LONDON (Reuters) - The U.S. dollar hit an 11-month peak on Monday as the risk of faster domestic inflation and wider budget deficits if Donald Trump goes on a U.S. spending binge sent Treasury and other benchmark global bond yields ever higher.
It was a painful mix for assets in many emerging market countries. Currencies from the Mexican peso to the Malaysian ringgit fell to new lows, but for European share markets it made for a strong start to the week.
The pan-European STOXX 600 index rose 1.1 percent, underpinned by gains among banks on hopes higher interest rates will help their profits and mining companies, which have been cheering Trump's promise of major infrastructure spending.
The reflation trade also saw futures for the S&P 500 and Dow Jones industrial add another 0.5 percent after the Dow chalked up best week in five years last week.
The dollar bounded towards 108 yen and hit the eye-catching 100 threshold against a basket of currencies in brisk trade.

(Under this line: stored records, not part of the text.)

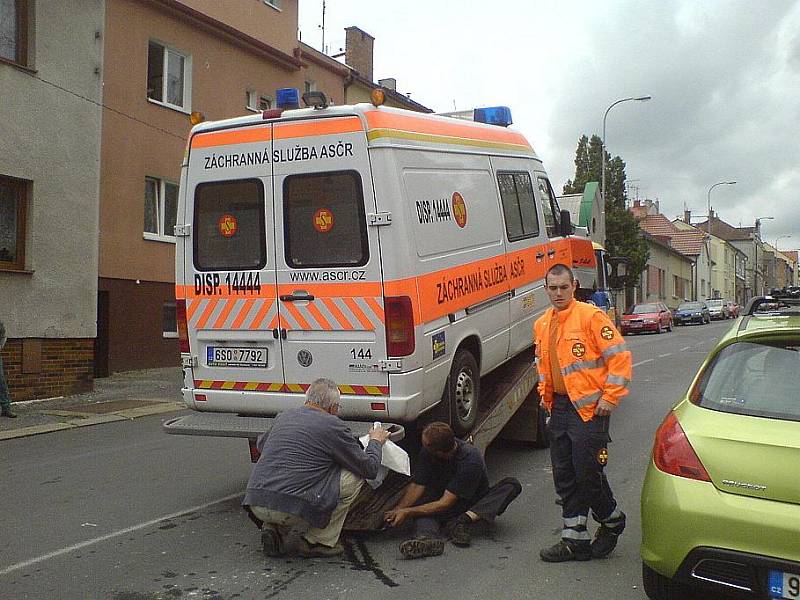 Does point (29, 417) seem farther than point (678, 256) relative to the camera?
No

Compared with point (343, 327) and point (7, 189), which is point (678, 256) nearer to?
point (7, 189)

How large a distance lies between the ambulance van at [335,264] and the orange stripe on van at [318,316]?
11 mm

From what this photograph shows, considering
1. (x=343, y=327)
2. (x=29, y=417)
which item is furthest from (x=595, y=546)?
(x=29, y=417)

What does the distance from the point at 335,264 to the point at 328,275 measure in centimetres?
10

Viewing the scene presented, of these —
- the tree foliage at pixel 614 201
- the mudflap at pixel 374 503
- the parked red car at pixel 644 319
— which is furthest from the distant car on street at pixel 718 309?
the mudflap at pixel 374 503

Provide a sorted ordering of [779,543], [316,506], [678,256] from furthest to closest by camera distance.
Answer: [678,256]
[316,506]
[779,543]

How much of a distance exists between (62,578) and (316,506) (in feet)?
5.07

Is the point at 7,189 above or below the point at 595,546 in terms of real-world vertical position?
above

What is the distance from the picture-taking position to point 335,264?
6016 mm

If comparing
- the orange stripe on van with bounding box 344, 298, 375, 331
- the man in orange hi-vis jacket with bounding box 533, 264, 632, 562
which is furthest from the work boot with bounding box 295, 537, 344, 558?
the orange stripe on van with bounding box 344, 298, 375, 331

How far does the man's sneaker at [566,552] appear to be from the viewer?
16.5ft

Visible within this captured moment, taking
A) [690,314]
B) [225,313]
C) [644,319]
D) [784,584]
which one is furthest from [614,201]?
[784,584]

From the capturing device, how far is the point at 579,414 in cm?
497

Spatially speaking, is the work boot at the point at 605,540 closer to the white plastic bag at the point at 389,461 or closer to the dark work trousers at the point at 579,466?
the dark work trousers at the point at 579,466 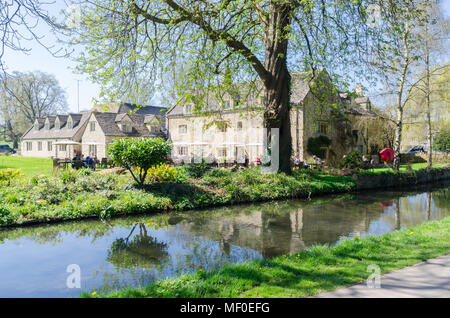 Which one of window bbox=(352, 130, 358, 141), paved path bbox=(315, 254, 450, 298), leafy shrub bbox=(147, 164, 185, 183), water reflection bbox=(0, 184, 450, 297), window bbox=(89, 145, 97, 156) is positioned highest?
window bbox=(352, 130, 358, 141)

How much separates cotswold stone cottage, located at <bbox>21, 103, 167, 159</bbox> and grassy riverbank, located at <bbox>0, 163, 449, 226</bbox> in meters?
17.5

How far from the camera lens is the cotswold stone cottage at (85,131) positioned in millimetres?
37094

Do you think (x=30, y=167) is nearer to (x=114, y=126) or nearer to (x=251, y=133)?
(x=114, y=126)

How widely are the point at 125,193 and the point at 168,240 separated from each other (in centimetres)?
510

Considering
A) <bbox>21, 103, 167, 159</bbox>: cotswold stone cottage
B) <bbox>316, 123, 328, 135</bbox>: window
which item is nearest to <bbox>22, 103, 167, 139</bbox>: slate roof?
<bbox>21, 103, 167, 159</bbox>: cotswold stone cottage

That took the pace off a resurgent sterling and saw the euro slide to its lowest since the start of the year at around $1.0745.
"Clearly the market has settled on a 'buy dollar' theme on the basis there will be a debt-fuelled U.S. fiscal binge that will push up inflation," said TD Securities European Head of Currency Strategy Ned Rumpeltin.
"People are repricing the Fed on the basis of that so it all seems to be a relatively straight forward."
The dollar has been on a tear since the victory of Republican Trump in the U.S. presidential election on Nov. 8 triggered a massive sell-off in Treasuries.
Yields on the U.S. 10-year Treasury notes climbed to their highest since January on Monday at 2.22 percent, while 30-year paper reached 3 percent. German 30-year yields topped 1 percent for the first time in more than six months.
Just two days of selling last week wiped out more than $1 trillion across global bond markets, the worst rout in nearly a year and a half, according to Bank of America Merrill Lynch.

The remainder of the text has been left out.